The goddess of Fortune (Tyche) is depicted as blind, but Lucius is convinced she has a malevolent eye on him.

Dreams and visions guide the man who became an ass through death and rebirth under the aegis of the Great Goddess. He wakes, still a donkey, near the sea in a sudden panic and finds the full moon shining in his face across the waves. He dips his donkey head in the sea seven times, while invoking the goddess by all the names he knows in a beautiful prayer. He is unsure which aspect of the Goddess to invoke, so he calls on the Divine Feminine who shines through the thousand faces like the Moon before him. O Queen of Heaven

Cleansing and prayer are followed by what looks like dream incubation on four legs. He falls asleep on the sand. A divine figure rises from the sea and stands before him, crowned with a wreath of flowers, with the mirror of the moon shining at the center and serpents and ears of corn on either side Her jet-black robe is covered with shining stars. In her right hand she carries a sistrum - a bronze rattle - and in her left a boat-shaped vessel with a rearing serpent for a handle.

"Here I am Lucius, roused by your prayers." The Goddess announces herself as universal, mother of all life.  "I am the mother of the world of nature, mistress of all the elements, first-born in this realm of time. I am the loftiest of deities, queen of departed spirits, the single embodiment of all gods and goddesses.. I order with my nod the luminous heights of heaven, the healthy sea-breezes, the sad silences of the infernal dwellers. The whole world worships my single divinity under a variety of shapes and liturgies and titles…But the peoples on whom the rising sun-god shines with his first rays--Ethiopians, and Egyptians --worship me with the liturgy that is my own, and call me by my true name, which is Queen Isis."

She reassures him that she has come to his rescue. “I am come to you in your calamity.” 
She tells him to join the procession in her honor that will take place the next day and press forward until he comes to the priest with roses in his right hand. The priest will be prepared because, in that same moment, Isis is appearing to him in a night vision. Bilocation is hardly a big deal for a goddess. She cautions him that after he is changed back, Lucius will no longer be the man he was before; he must dedicate his life to her service and in return she will guide him through life and beyond death.

The priest, the next day, is indeed ready for him; he not only offers the roses but delivers a speech revealing that he knows Lucius' whole story and calls for people to bring a garment to clothe the naked human, and promises that under the aegis of Isis, Lucius will at last be freed from the slings and arrows of Fortune.

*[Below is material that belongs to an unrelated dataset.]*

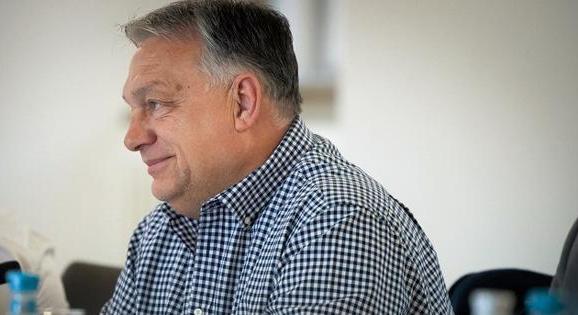 Nem fontos, elvtársak, mondta Orbán Viktor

Lucius arrives at “the birthday of initiation”, natalem sacrorem [Book XI, 24]. He is transformed and dies to his former life. The whole narrative can be seen as a conversion story, wildly thrilling and never stuffy – taking the reader rollicking over a cliff into a place of awe.

Ridentum dicere verum quid vetat? May not truth in laughing guise be dressed? (Horace) The tale of Lucius, veering from bawdy farce and picaresque perils to the depth of spiritual awakening and divine dreaming, is at the top of my list in two categories (a) the comic novel and (b) visionary narrative.

Illustration by Jean de Bosschère: Lucius is returned to human form when he eats the roses being carried in a procession in honor of the Goddess, as Isis directed him in a dream.